Published: 28th February 2016 04:32 AM  |   Last Updated: 28th February 2016 04:32 AM   |  A+A-

Ganapathy

KOCHI:Till Saturday, all that racewalker K Ganapathy (26)  earnestly dreamed was to make the Rio Olympic cut. The havildar with Madras Regimental Centre, who is making ends meet with a bank loan, moved a step closer to his dream at the Jaipur National Open Race Walking Championships, where he covered the 20km distance in 1:21:52.

He finished behind Uttarakhand’s Gurmeet Singh, who had already met the qualification requirement. A total of seven walkers dipped under the Olympic qualifying mark of 1:24:00. Of them, four attained the feat for the first time. Eventually, three will travel to Rio.

Hailing from Goundanur in Krishnagiri district, Ganapathy’s family literally had a hand-to-mouth existence and depended solely on the jawan’s salary for survival. During this time, Ganapathy was included in the Target Olympic Podium Scheme (TOPS), which he thought would take care of his requirements.
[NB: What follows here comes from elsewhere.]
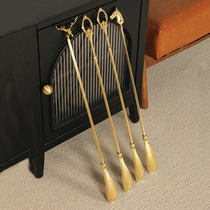 European classical brass shoes pull door home handmade shoe lift retro light luxury shoes draw shoes shoes gift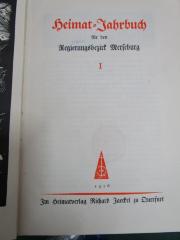 Bk 1650 1.1926: Heimat-Jahrbuch für den Regierungsbezirk Merseburg (1926)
But TOPS failed to cater to his needs and the athlete had to resort to other means. A bank loan of Rs 2 lakh with contributions from friends ensured that the training went ahead.

Ganapathy described the achievement as a ‘dream come true’. But few knew the hardship he went through to reach his goal. With a salary of Rs 20,000, he found the going tough. The cost of performing at the top level was something he could not afford. 
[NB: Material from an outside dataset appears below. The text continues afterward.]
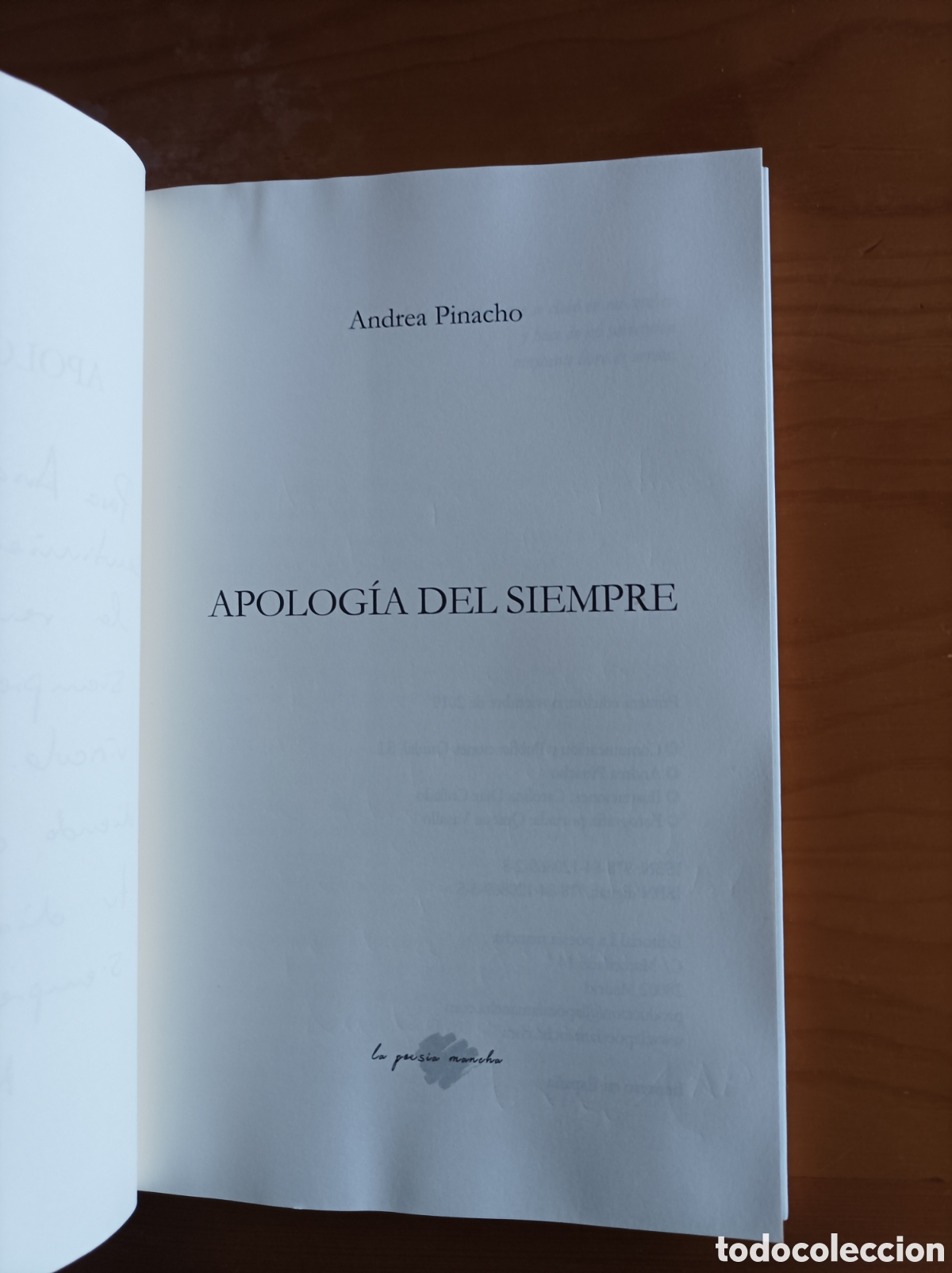 Libros de segunda mano: Apolog&iacute;a del siempre - Andrea Pinacho - Foto 4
“It has been a tough journey. With my salary, I can’t even buy a pair of walking shoes. A reasonable brand will cost a minimum Rs 12,000. One pair will last two months and if I carry on with damaged shoes, injuries are inevitable. I had no money and I couldn’t risk injury. God knows how I’ve come this far,” he told Express from Jaipur.
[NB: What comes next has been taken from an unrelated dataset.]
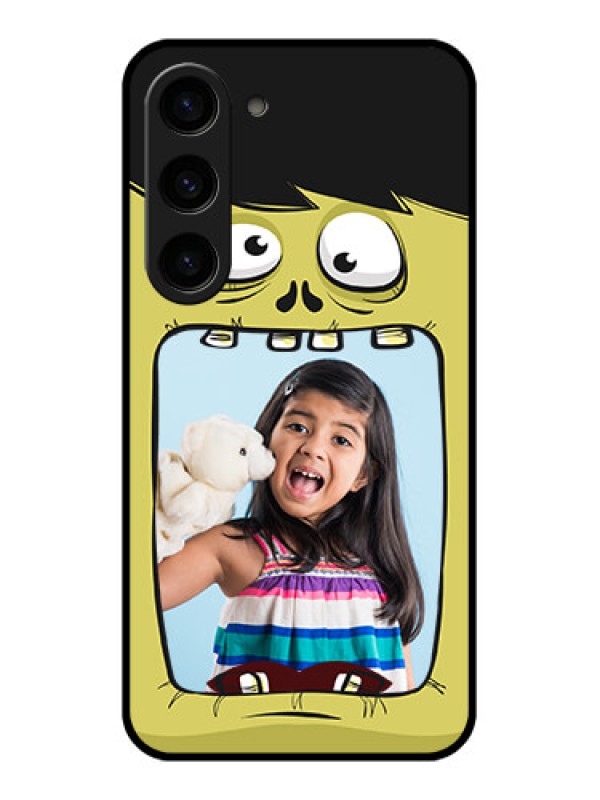 Custom Galaxy S23 5G Personalized Glass Phone Case - Cartoon monster back case Design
“At times, I was so cash-strapped that I borrowed from home when I went back after vacations. After I took the loan, things became more difficult. Each month the bank deducted Rs 5,000 from my salary,” Ganapathy added. He felt that if promises made to him during the signing of TOPS had been fulfilled, it would have kept him in good stead. “Diet, supplements, jersey...It’s very expensive. Sports ministry officials said once I am under TOPS, I will be entitled to monthly allowance as well as kit and training overseas. Nothing has happened. I’m fighting alone.” Ganapathy’s timing is the second best so far among the seven Indians who have qualified for Rio. He felt he can do better and book his place for Rio. “I was aiming at 1:21:30 here but couldn’t achieve that. Now I’ve two major competitions coming up – Asian Championship in March and World Cup in May. Hopefully, I’ll be part of the squad. I’m preparing to clock 1:20 in upcoming events. If I attain that, I can ensure a ticket to Rio,” he added.